Calibration of model in post training static quantization using fx api

vlc · February 9, 2022, 12:37pm

Hi there,

I am working to quantizate a semantic segmentation model using the fx api provided by pytorch.

The model has a swin transformer as a backbone, aspp module and some upconvolutions following a DeepLabv3+ architecture.

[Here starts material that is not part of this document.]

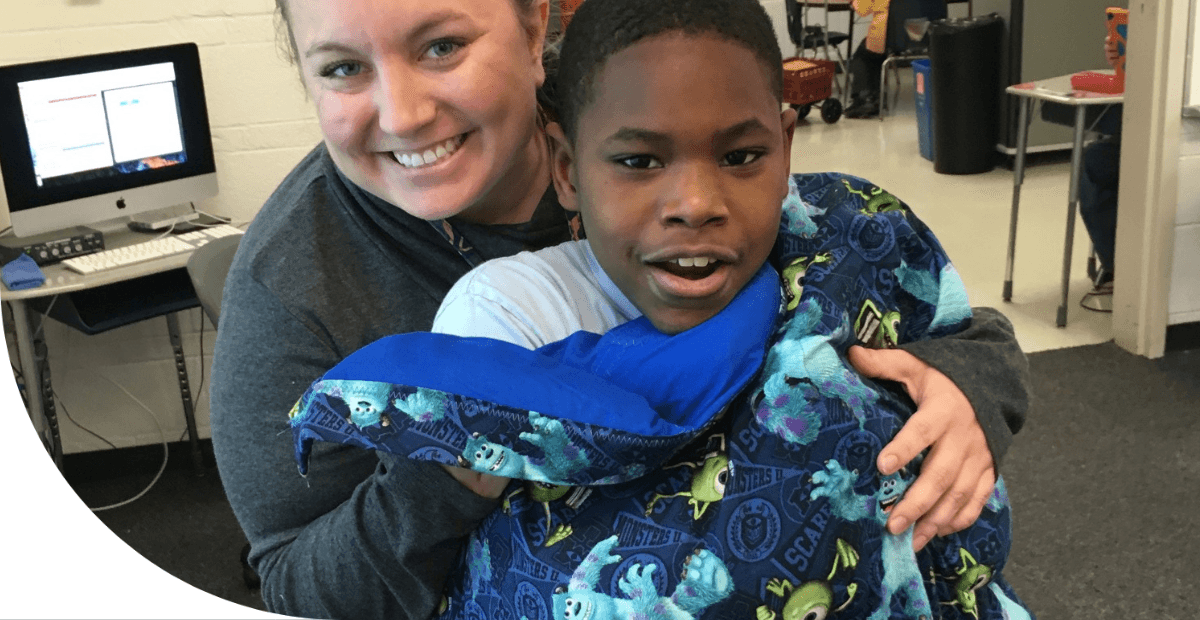 teacher wrapping a boy in a blanket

I have followed the steps in the tutoriall by @jerryzh168

I am able to run the following lines of code

qconfig = get_default_qconfig("fbgemm")
    qconfig_dict = {"": qconfig}
    prepare_custom_config_dict = {
        "non_traceable_module_class": [PatchEmbed, BasicLayer]
    }
    prepared_model = prepare_fx(model, qconfig_dict, prepare_custom_config_dict)
    print(prepared_model.graph)
    print(prepared_model.code)

I am excluding PatchEmbed and BasicLayer module classes in prepare_fx.
Here’s their code:

class PatchEmbed(nn.Module):

    def __init__(self, patch_size=4, in_chans=3, embed_dim=96, norm_layer=None):
        super().__init__()
        patch_size = to_2tuple(patch_size)
        self.patch_size = patch_size

        self.in_chans = in_chans
        self.embed_dim = embed_dim

        self.proj = nn.Conv2d(in_chans, embed_dim, kernel_size=patch_size, stride=patch_size)
        if norm_layer is not None:
            self.norm = norm_layer(embed_dim)
        else:
            self.norm = None

    def forward(self, x):
        """Forward function."""
        # padding
        _, _, H, W = x.size()
        if W % self.patch_size[1] != 0:
            x = F.pad(x, (0, self.patch_size[1] - W % self.patch_size[1]))
        if H % self.patch_size[0] != 0:
            x = F.pad(x, (0, 0, 0, self.patch_size[0] - H % self.patch_size[0]))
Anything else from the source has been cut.